The Solution for Palestine

Based upon a profound observation of reality, the fundamental problem of Palestine is the occupation of land by a hostile population and the subsequent subjugation of the resident population to the oppressive and brutal authority of the hostile invaders. The problem of Palestine is not the achievement of peace to integrate two hostile populations. This is what the invading force wants to do to legitimise its occupation. It is a fact that Palestine was a province of the Uthmani Khilafah where the Palestinians were resident. In 1948, migrant Zionist Jews removed the Palestinians from their territory and established the state of Israel upon usurped land. Those who suggest that the Zionists have a right to polity and a right to a state have no basis for establishing that polity on the land of Palestine, land which was populated by indigenous peoples. There is no rational reasoning for the Zionist state to exist in Palestine. If any group or movement were to compromise on this idea, then that group or movement would be an instrument of legitimisation in the hands of the Zionists for any actions based upon a recognition of Israel's 'right' to occupy Palestine would facilitate the normalisation of the occupation. This is precisely what the PLO has achieved.

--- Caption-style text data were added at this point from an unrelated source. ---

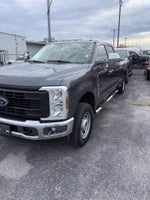 2024 F-250 Super Duty Thumbnail 2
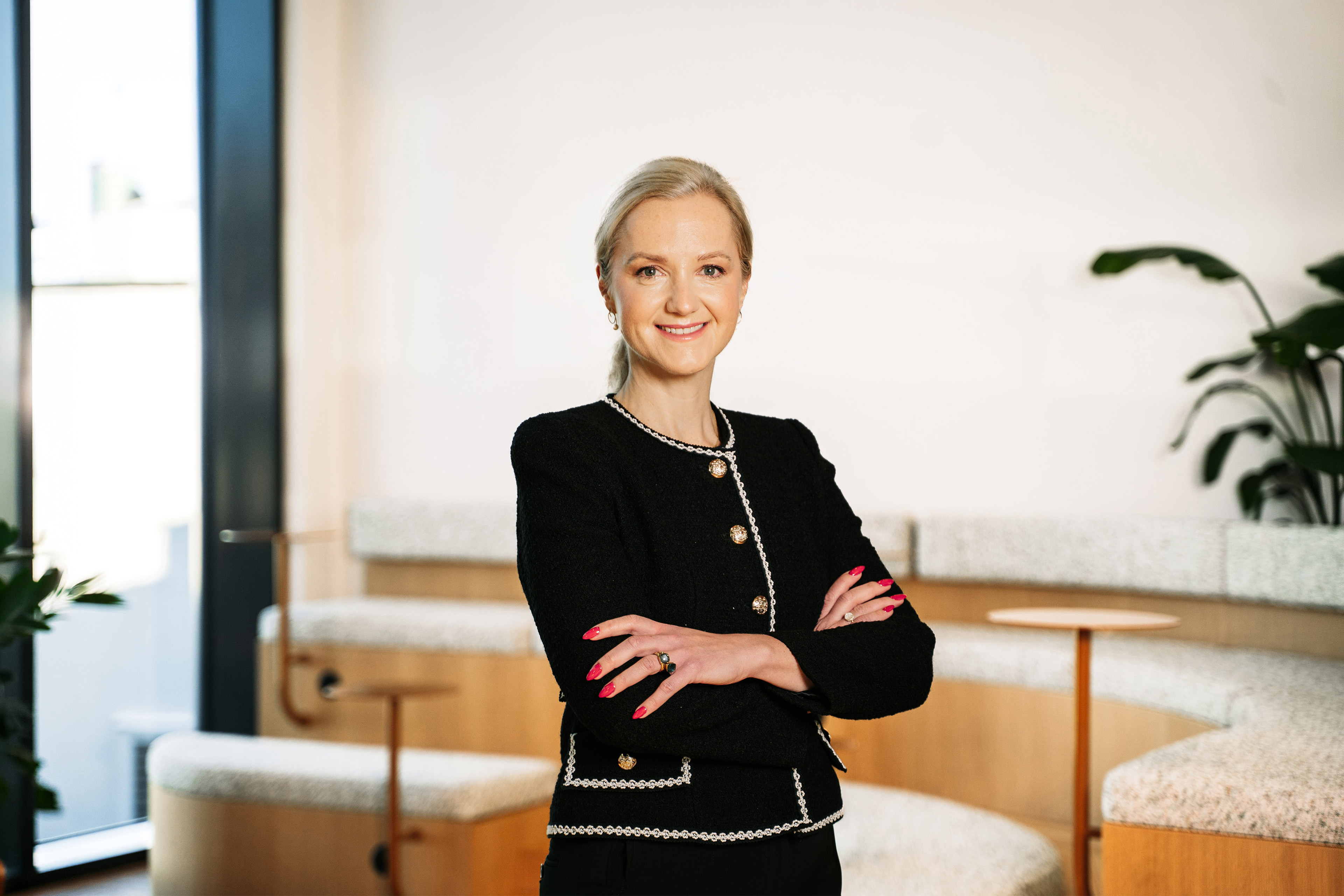 Kuvassa Kinga Charpentier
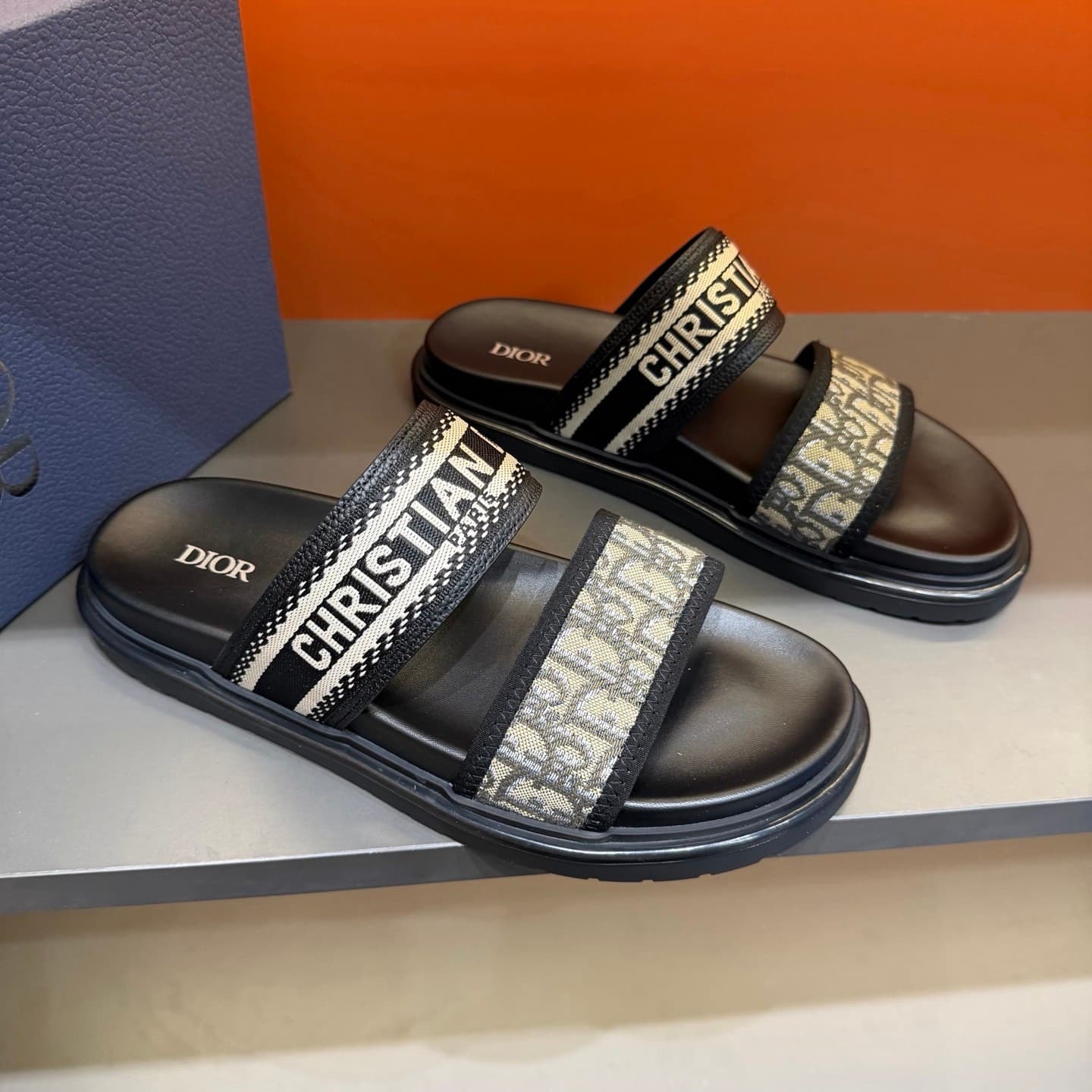 DR Slipper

As Muslims, there is clear textual instruction from the Quran and Sunnah of Muhammad forbidding us to give up lands to the Kuffar. It is prohibited for us to accept the authority of the Kuffar over the Islamic lands as Allah (SWT) mentions in Surat Nisa,

"Allah will never allow the Kuffar authority over the believers" [TMQ 4:141]

This Ayah makes it clear that Allah (swt) has made it haraam for the Muslims to accept the authority of the Kuffar over Muslim land. The land of Palestine is Kharaji land which means it was liberated by the army of the Islamic State and subsequently, the land was taxed by the state. It belongs under the state's authority and Insha-Allah will be integrated into the lands ruled with Islam by the coming Khilafah. Since the Islamic aqeedah is the basis of this understanding, and since this understanding is evident within the Quran and the Sunnah, then clearly, there is no possibility of compromising on the achievement of this objective. Further, the method for us to achieve the Islamic objective must also be found within the text, since in origin, any action must be based upon a textual evidence. With this in mind, it becomes clear that Islam's position on the occupation of Palestine is that Palestine must be liberated.